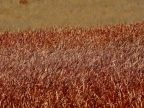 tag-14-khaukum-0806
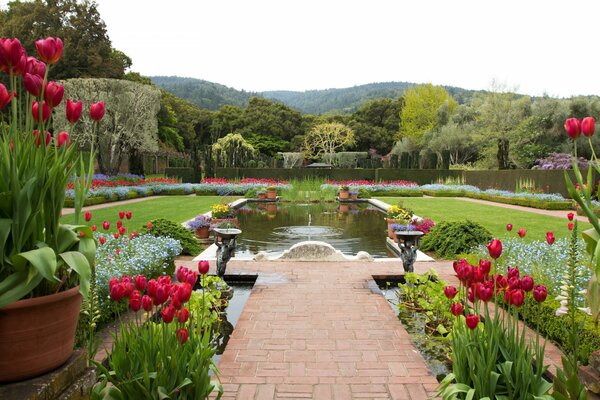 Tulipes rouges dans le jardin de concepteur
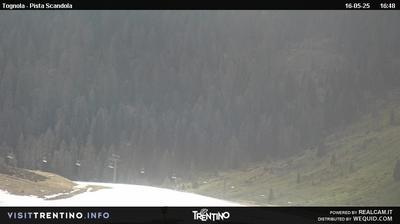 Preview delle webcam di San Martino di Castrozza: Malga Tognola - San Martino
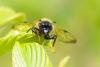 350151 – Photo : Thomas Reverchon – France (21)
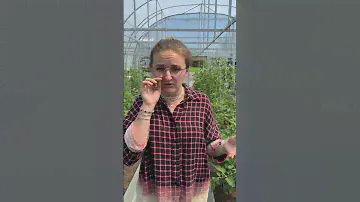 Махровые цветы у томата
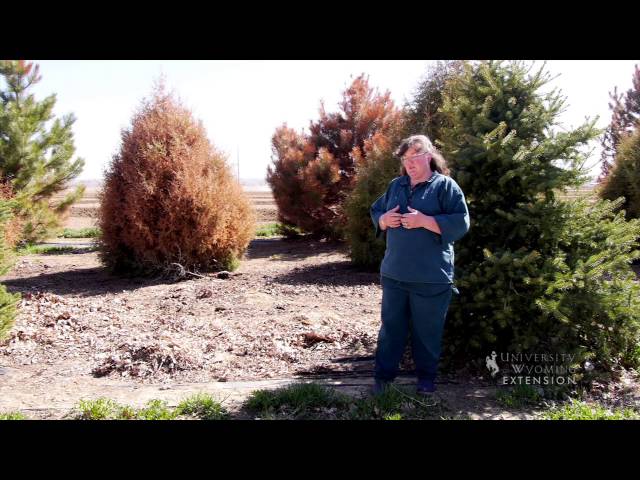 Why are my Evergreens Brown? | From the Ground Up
..........
**Activity**
A word-for-word repetition of the data above, without pictures, is the expected answer.

**Result of the exercise**
 tag-14-khaukum-0806
 Tulipes rouges dans le jardin de concepteur
 Preview delle webcam di San Martino di Castrozza: Malga Tognola - San Martino
 350151 – Photo : Thomas Reverchon – France (21)
 Махровые цветы у томата
 Why are my Evergreens Brown? | From the Ground Up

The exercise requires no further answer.